# DEMO: basis

This script provides examples on using the basisChebyshev class.

Last updated: October 4, 2014.

## EXAMPLE 2: Using basis and funcApprox to approximate a CobbDouglas function

PROBLEM: Approximate the Cobb-Douglas production function y = f(K,L) = K^0.4 L^0.6 for capital K in [0,2] and labor L in [0,1].

• First, create the production function
```y = @(K,L) K.^0.4 .* L.^0.6;
```

## Using a tensor-product basis

Create a 2-D Chebyshev basis T by taking the tensor product of the individual dimensions

```opts.type = 'cheb';
opts.method = 'tensor';
opts.nodetype = 'lobatto';
opts.varnames = {'capital','labor'};

T = basis([32 20],[0 0],[2 1],opts);
disp(T)
```
```Basis of 2 dimension(s)

Variable           # of nodes       Interval
capital                    32       [  0.00,   2.00]
labor                      20       [  0.00,   1.00]

Type of basis:         cheb
Type of nodes:         lobatto
Expansion method:      tensor
Total basis nodes:     640
Total basis functions: 640

```

The level of production at the collocation nodes is

```yTnodes = y(T.nodes(:,1),T.nodes(:,2));
```

The approximated function, using basis T, is

```yT = funcApprox(T,yTnodes);
```

Plot the functions

```ngrid = 201;
kk = linspace(T.a(1),T.b(1),ngrid)';
ll = linspace(T.a(2),T.b(2),ngrid)';
[kk,ll] = meshgrid(kk,ll);

yy = y(kk,ll);
yTapprox = reshape(yT.Interpolate([kk(:),ll(:)]),ngrid,ngrid);

figure
subplot(2,1,1), surf(kk,ll,yy,'EdgeColor','none')
hold on
surf(kk,ll,yTapprox,'EdgeColor','none')
axis tight
xlabel(T.opts.varnames(1)), ylabel(T.opts.varnames(2)), zlabel('Production')

subplot(2,1,2), surf(kk,ll,yTapprox - yy,'EdgeColor','none')
title('Residuals using 640 nodes, tensor basis'), axis tight
xlabel(T.opts.varnames(1)), ylabel(T.opts.varnames(2)), zlabel('Residual')
```

## Using a Smolyak basis

Now repeat the exercise with Smolyak nodes, with degree and node parameters set to q = 3. Call the basis S

```opts.method = 'smolyak';
opts.degreeParam = 6;
opts.nodeParam = 6;

S = basis([80 50],[0 0],[2 1],opts);
disp(S)
```

Notice the warning about the number of Smolyak nodes: The number of nodes for each dimension must be n = 2^k+1 for some positive integer k. If user calls the constructor with different number of nodes, the constructor increases n to the next admissible value (from 80 to 129 for capital, and from 50 to 65 for labor).

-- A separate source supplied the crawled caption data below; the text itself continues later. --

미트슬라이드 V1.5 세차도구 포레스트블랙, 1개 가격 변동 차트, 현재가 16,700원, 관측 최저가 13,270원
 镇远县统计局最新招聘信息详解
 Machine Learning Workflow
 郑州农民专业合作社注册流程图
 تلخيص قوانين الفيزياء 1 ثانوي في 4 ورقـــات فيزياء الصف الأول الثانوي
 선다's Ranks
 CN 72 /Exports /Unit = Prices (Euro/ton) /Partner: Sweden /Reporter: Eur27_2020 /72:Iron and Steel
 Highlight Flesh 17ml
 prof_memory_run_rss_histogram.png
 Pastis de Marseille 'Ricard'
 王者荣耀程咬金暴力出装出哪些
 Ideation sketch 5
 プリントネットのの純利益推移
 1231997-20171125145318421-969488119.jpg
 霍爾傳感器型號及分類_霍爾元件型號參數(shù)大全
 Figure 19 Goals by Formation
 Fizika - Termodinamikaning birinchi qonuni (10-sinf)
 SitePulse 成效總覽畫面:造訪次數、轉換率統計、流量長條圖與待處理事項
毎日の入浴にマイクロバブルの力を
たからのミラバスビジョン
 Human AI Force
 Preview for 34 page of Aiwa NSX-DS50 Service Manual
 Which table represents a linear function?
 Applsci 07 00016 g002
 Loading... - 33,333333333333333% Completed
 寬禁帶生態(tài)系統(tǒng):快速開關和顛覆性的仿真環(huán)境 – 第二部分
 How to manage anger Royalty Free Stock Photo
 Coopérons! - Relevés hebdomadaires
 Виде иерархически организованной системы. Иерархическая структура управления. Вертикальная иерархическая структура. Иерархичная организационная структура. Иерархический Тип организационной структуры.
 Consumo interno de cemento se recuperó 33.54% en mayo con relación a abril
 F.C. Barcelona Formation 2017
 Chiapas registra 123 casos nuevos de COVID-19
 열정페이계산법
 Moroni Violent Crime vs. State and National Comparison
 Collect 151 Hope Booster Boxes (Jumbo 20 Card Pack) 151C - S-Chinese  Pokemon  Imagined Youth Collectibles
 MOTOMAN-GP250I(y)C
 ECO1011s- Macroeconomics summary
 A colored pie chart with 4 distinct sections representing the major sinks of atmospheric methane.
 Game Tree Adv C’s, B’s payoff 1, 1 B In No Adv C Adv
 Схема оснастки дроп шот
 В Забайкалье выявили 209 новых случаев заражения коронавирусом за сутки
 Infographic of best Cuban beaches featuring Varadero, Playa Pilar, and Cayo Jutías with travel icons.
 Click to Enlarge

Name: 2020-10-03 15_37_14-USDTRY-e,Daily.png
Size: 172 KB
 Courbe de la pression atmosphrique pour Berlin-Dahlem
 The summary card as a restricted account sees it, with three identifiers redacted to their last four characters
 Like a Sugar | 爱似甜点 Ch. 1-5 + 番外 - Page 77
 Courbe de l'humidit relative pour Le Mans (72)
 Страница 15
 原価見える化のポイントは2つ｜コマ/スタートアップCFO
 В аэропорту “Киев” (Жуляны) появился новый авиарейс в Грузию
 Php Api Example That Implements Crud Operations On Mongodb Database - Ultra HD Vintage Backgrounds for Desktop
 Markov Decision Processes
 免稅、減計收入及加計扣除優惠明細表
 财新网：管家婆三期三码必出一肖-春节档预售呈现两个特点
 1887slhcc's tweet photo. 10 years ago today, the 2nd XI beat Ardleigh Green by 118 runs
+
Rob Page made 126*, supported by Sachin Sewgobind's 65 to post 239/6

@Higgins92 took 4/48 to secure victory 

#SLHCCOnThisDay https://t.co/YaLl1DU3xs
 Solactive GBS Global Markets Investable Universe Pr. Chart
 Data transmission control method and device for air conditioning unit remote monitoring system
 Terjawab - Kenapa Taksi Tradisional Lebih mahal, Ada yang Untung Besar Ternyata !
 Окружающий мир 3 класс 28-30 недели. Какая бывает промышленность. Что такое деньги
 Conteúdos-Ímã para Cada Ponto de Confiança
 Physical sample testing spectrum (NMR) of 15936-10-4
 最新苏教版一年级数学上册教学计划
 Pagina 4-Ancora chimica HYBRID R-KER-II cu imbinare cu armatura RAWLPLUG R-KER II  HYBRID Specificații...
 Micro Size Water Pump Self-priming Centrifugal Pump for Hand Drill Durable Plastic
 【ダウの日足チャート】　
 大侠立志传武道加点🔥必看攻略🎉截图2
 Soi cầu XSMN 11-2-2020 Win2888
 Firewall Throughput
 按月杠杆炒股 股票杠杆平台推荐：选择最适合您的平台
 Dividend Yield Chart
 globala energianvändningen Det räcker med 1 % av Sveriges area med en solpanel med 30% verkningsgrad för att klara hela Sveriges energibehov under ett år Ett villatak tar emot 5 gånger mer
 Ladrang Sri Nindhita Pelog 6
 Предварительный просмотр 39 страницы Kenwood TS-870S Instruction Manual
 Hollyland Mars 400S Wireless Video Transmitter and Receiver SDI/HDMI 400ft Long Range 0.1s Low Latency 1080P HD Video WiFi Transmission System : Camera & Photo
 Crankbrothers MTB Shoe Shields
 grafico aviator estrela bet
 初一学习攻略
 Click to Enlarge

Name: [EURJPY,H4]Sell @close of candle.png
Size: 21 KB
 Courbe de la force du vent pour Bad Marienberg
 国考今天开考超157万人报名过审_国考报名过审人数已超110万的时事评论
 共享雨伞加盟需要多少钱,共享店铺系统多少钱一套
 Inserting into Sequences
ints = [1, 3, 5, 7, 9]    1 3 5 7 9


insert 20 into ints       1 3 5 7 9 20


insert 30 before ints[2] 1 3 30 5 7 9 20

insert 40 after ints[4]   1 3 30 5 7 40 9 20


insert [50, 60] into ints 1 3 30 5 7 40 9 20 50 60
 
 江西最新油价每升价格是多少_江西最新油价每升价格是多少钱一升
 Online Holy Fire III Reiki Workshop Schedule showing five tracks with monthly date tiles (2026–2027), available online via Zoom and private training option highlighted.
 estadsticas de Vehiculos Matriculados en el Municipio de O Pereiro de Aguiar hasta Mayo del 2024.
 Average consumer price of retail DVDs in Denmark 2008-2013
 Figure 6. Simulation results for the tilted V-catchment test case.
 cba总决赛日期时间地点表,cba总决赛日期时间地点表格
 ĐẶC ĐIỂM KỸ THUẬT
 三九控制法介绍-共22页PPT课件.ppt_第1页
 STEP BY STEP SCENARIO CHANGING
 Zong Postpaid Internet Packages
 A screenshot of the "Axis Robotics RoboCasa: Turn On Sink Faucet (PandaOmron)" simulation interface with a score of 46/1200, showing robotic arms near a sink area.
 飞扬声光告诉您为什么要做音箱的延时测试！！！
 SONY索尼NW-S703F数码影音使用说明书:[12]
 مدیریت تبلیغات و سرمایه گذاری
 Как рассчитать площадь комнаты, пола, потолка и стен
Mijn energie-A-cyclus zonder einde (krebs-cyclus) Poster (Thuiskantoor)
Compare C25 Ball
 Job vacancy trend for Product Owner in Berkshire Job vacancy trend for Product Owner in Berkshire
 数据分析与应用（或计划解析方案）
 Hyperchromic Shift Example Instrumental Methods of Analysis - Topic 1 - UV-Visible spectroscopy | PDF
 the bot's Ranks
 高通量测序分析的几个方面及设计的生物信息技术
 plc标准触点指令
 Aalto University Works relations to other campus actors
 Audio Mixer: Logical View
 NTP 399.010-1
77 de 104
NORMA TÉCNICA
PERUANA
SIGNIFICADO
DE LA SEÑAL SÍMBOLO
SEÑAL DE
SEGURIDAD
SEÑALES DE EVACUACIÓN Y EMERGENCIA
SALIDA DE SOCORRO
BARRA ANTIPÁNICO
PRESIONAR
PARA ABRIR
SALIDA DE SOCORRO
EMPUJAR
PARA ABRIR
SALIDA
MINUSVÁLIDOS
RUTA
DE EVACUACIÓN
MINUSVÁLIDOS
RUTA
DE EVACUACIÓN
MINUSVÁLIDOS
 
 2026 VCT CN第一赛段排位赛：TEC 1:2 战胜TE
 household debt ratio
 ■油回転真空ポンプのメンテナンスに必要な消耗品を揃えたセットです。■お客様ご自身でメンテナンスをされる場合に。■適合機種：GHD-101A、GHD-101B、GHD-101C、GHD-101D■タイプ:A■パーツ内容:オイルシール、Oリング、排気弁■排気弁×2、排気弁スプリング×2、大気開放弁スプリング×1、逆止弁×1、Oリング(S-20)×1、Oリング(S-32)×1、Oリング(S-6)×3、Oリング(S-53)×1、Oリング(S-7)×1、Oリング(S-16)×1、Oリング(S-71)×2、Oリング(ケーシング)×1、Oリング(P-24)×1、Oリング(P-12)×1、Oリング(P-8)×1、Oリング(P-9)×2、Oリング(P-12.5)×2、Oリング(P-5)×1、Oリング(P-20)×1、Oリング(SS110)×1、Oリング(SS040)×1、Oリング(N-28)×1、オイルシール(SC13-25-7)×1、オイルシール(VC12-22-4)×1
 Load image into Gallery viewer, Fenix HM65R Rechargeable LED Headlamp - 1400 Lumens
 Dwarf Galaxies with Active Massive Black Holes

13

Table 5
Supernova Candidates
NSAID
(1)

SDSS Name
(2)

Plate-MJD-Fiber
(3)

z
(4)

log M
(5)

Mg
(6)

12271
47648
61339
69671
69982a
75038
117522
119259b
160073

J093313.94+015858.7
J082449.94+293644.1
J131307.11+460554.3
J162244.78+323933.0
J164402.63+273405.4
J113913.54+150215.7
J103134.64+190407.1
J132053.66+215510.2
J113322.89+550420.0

```Warning: For Smolyak expansion, number of nodes should be n=2^k + 1,for some k =
1,2,...
Old n,  New n
80,    129
50,     65

Basis of 2 dimension(s)

Variable           # of nodes       Interval
capital                    129      [  0.00,   2.00]
labor                      65       [  0.00,   1.00]

Type of basis:         cheb
Type of nodes:         lobatto
Expansion method:      smolyak
Total basis nodes:     321
Total basis functions: 321

```

The level of production at the new collocation nodes is

```ySnodes = y(S.nodes(:,1),S.nodes(:,2));
```

The approximated function, using basis S, is

```yS = funcApprox(S,ySnodes);
```

Plot the functions

```ySapprox = reshape(yS.Interpolate([kk(:),ll(:)]),ngrid,ngrid);

figure
subplot(2,1,1), surf(kk,ll,yy,'EdgeColor','none')
hold on
surf(kk,ll,ySapprox,'EdgeColor','none')
axis tight
xlabel(S.opts.varnames(1)), ylabel(S.opts.varnames(2)), zlabel('Production')

subplot(2,1,2), surf(kk,ll,ySapprox - yy,'EdgeColor','none')
title('Residuals using 321 nodes, tensor basis'), axis tight
xlabel(S.opts.varnames(1)), ylabel(S.opts.varnames(2)), zlabel('Residual')
```

Notice that the residuals in Smolyak and tensor bases are of similar magnitude, despite the fact that Smolyak is using around half the number of nodes and bases functions (i.e., its interpolation matrix is around one-forth the size of the tensor interpolating matrix).